Question

In the figure below, the switches ${{S}_{1}}$ and ${{S}_{2}}$ are closed simultaneously at t=0 and a current starts to flow in the circuit. Both the batteries have the same magnitude of the electromotive force (emf) and the polarities are as indicated in the figure. Ignore mutual inductance between the inductors. The current I in the middle wire reaches its maximum magnitude ${{I}_{\max }}$ at time $t=\tau $. Which of the following statements is/are true?

A. ${{I}_{\max }}=\dfrac{V}{2R}$
B. ${{I}_{\max }}=\dfrac{V}{4R}$
C. $\tau =\dfrac{L}{R}\ln 2$
D. $\tau =\dfrac{2L}{R}\ln 2$

Answer 1

Hint: As a very first step, one could mark the directions of current in the two loops of the circuit. Then you could find the expression for maximum current accordingly. We could say that for its maximum value, its time derivative is zero. Hence get the required quantities accordingly.

Complete answer:
As a first step, one could mark the direction of the current flow in both the loops of the given circuit. We are already given that the middle wire reaches a certain maximum current ${{i}_{\max }}$ at a certain time $\tau $.

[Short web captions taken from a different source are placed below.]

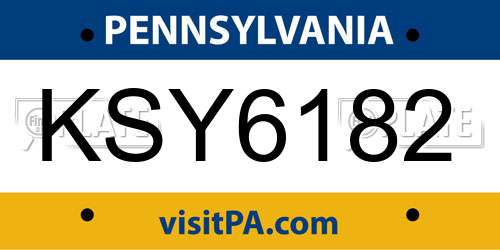 KSY6182 Pennsylvania License Plate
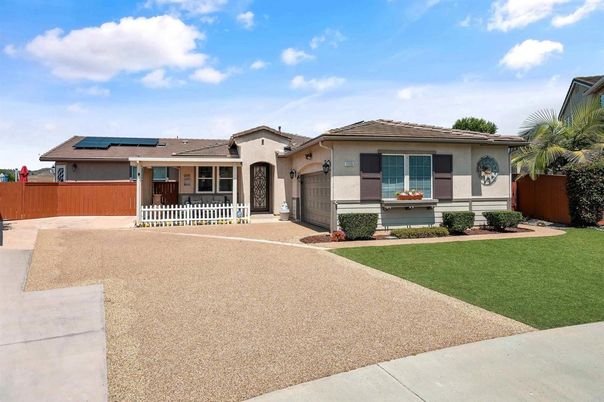 Attached, Backyard, Exterior, Facade, Solar Panels, Mediterranean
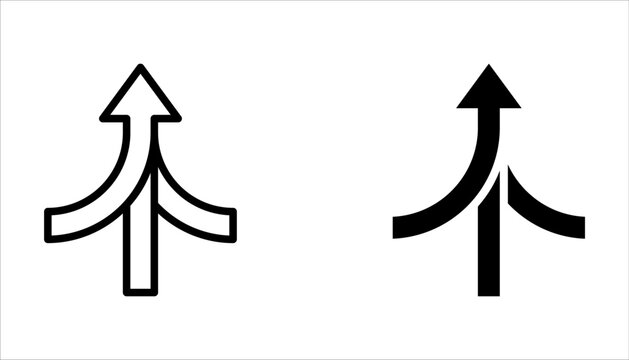 Merge arrow linear icon set. Upward arrow. Representing unity on white background
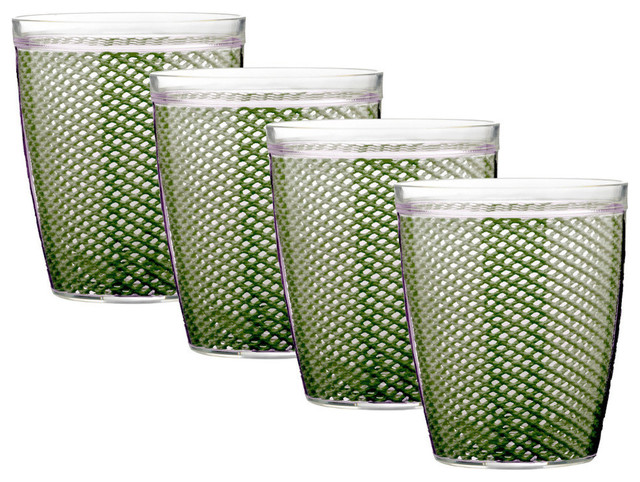 Fishnet 14Oz Kale Green Doublewall Drinkware, Set Of 4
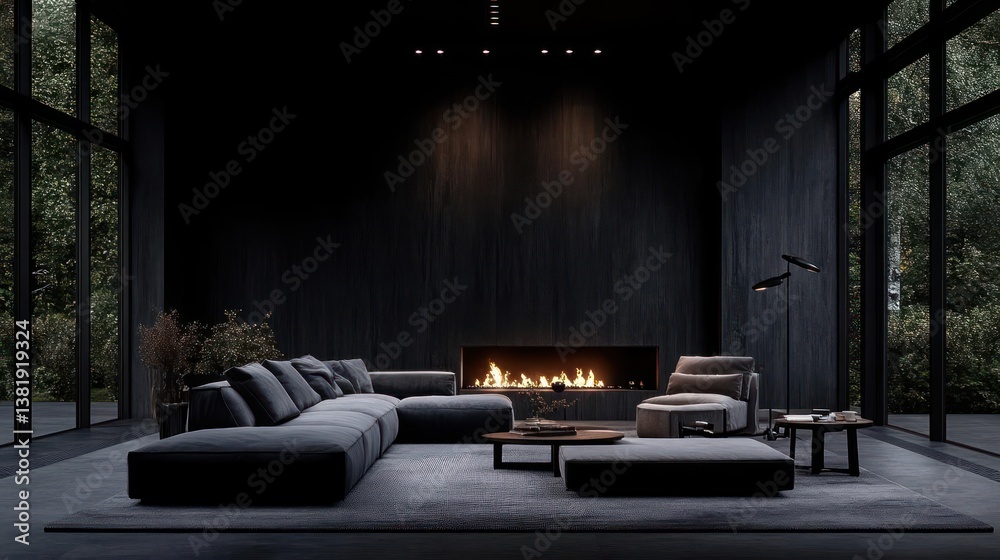Poster Dark modern living room with a fireplace seating area and large windows overlooking lush greenery. The room features a dark color scheme with minimal furniture and a cozy atmosphere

This maximum current would be,
${{i}_{\max }}={{i}_{1}}-{{i}_{2}}$
Also,
$\Delta i={{i}_{2}}-{{i}_{1}}=\dfrac{V}{R}\left( 1-{{e}^{-\left( \dfrac{R}{2L} \right)t}} \right)-\dfrac{V}{R}\left( 1-{{e}^{\left( \dfrac{R}{2L} \right)t}} \right)$
For the maximum current we have, $\dfrac{di}{dt}=0$
$\Rightarrow \dfrac{V}{R}\left( -\dfrac{R}{L}{{e}^{-\dfrac{R}{L}t}}-\left( -\dfrac{R}{2L} \right){{e}^{-\dfrac{R}{2L}t}} \right)=0$
$\Rightarrow {{e}^{-\left( \dfrac{Rt}{L} \right)}}=\dfrac{1}{2}{{e}^{-\left( \dfrac{Rt}{2L} \right)}}$
$\Rightarrow \dfrac{R}{2L}t=\ln 2$
So, for maximum current we have the time as,
$t=\dfrac{2L}{R}\ln 2$
Substituting this t in expression for maximum current we get,
${{i}_{\max }}=\dfrac{V}{R}\left( {{e}^{\dfrac{R}{L}\left( \dfrac{2L}{R}\ln 2 \right)}}-{{e}^{-\dfrac{R}{2L}\left( \dfrac{2L}{R}\ln 2 \right)}} \right)$
$\therefore \left| {{I}_{\max }} \right|=\dfrac{V}{R}\left( \dfrac{1}{4}-\dfrac{1}{2} \right)=\dfrac{V}{4R}$
Therefore, we found the time at which the current becomes maximum to be, $t=\dfrac{2L}{R}\ln 2$and the maximum current to be ${{I}_{\max }}=\dfrac{V}{4R}$.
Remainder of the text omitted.